Pôr em prática o que se faz na aldeia
Rossine Blesmany dos Santos Cordeiro, 47, é da tribo xucuru, natural de Pesqueira (PE), mas fez sua carreira política na também pernambucana Lajedo. Reeleito para o cargo de prefeito, será o único a comandar uma cidade sem terras indígenas.
Sua vivência em aldeias e sua experiência como “gestor indígena”, para ele, é importante na “valorização do homem do campo” no município onde é, e continuará a ser, prefeito. “Como gestor, eu coloco em prática o que os índios fazem nas aldeias. Preservar a natureza e conseguir a subsistência da própria terra. Isso a gente vem colocando em prática há quatro anos em Lajedo”, afirmou.
“A coisa que eu mais uso na política é valorizar, dar condições ao povo do campo permanecer no campo. Trabalhar e sobreviver no campo. E sempre estar orientando que no campo você pode gerar renda sem prejudicar o meio ambiente”, completou.
Caminhos
De acordo com o Censo de 2010 do IBGE, a população indígena no Brasil é de 896.917 pessoas, o que corresponde aproximadamente a 0,47% da população total do país. Em todo o território nacional, existem, segundo a Funai (Fundação Nacional do Índio), 588 terras indígenas.
Proporcionalmente, o número de prefeitos e vereadores indígenas eleitos no último pleito é ainda menor: 0,08% entre os prefeitos e 0,28% entre os vereadores.

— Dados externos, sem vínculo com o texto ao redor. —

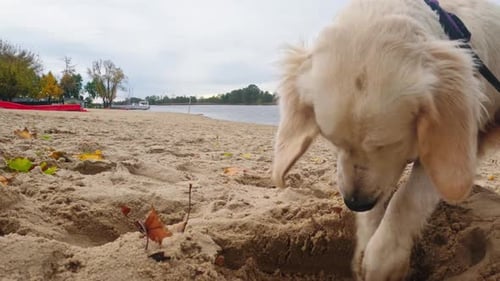 Cute Golden Retriever Puppy Humorously Digs Hole In Beach Sand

Para Ricardo Weipe, o Weipe Tapiba (PT), primeiro indígena eleito vereador em Caucaia (CE) e integrante do Conselho Nacional de Política Indigenista (CNPI), órgão vinculado à Presidência da República e responsável pela elaboração, acompanhamento e implementação de políticas públicas voltadas aos povos indígenas, “essa representação no Parlamento, no Poder Executivo dos municípios, ainda é muito pouca”.

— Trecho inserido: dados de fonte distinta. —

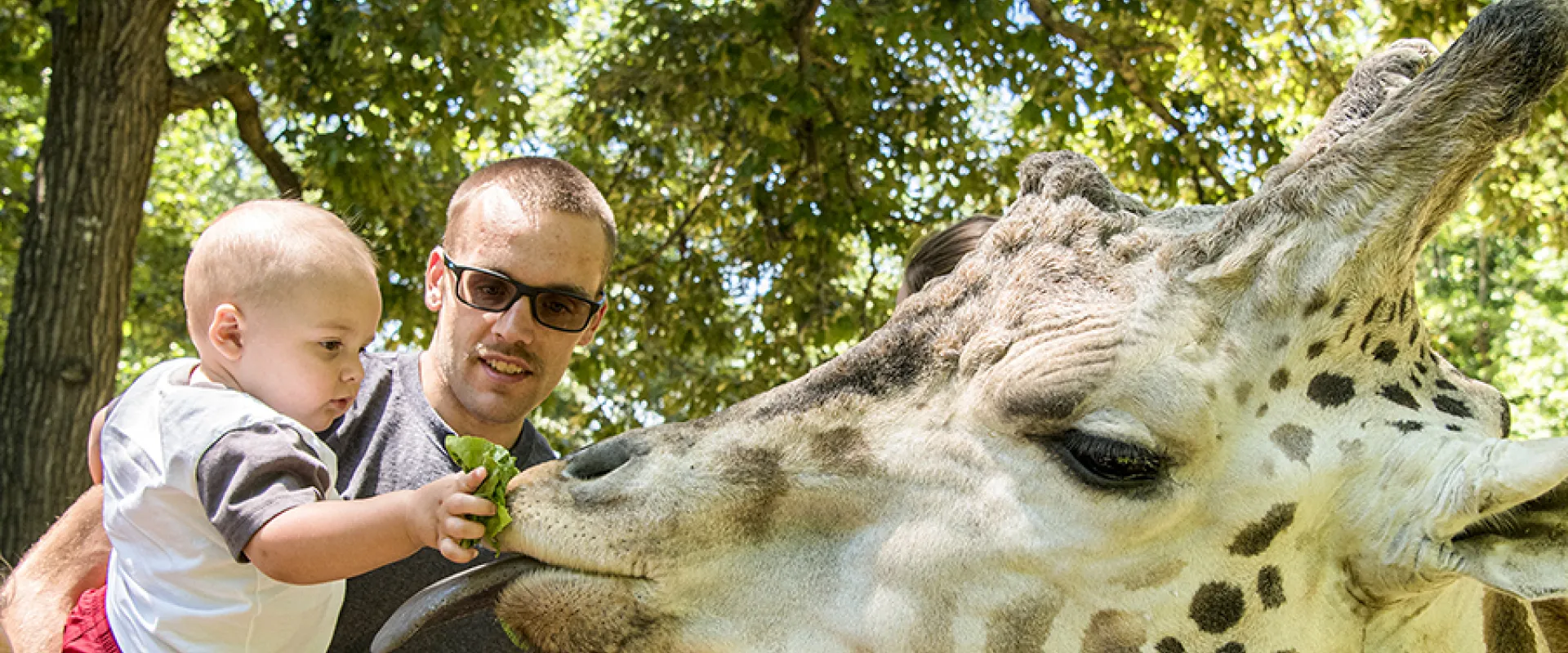 A man with buzzed hair wearing sunglasses is holding a small toddler who is feeding a giraffe lettuce. There are trees visible in the background.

Ele ressalta, porém, que a busca por um maior espaço na política “é um caminho que os povos indígenas têm utilizado para que a gente consiga ocupar espaço de protagonista que a gente tem na construção da história do Brasil”.
“A gente tem presenciado nos municípios, nos Estados e também no Congresso Nacional muitas medidas antidireitos indígenas, antipovos indígenas e aí as comunidades têm a estratégia de também participar dos pleitos eleitorais para que a gente consiga ter participação nos Parlamentos dos municípios e também conseguir alcançar o Poder Legislativo e o Congresso Nacional. O caminho é esse”, afirmou o índio tapeba.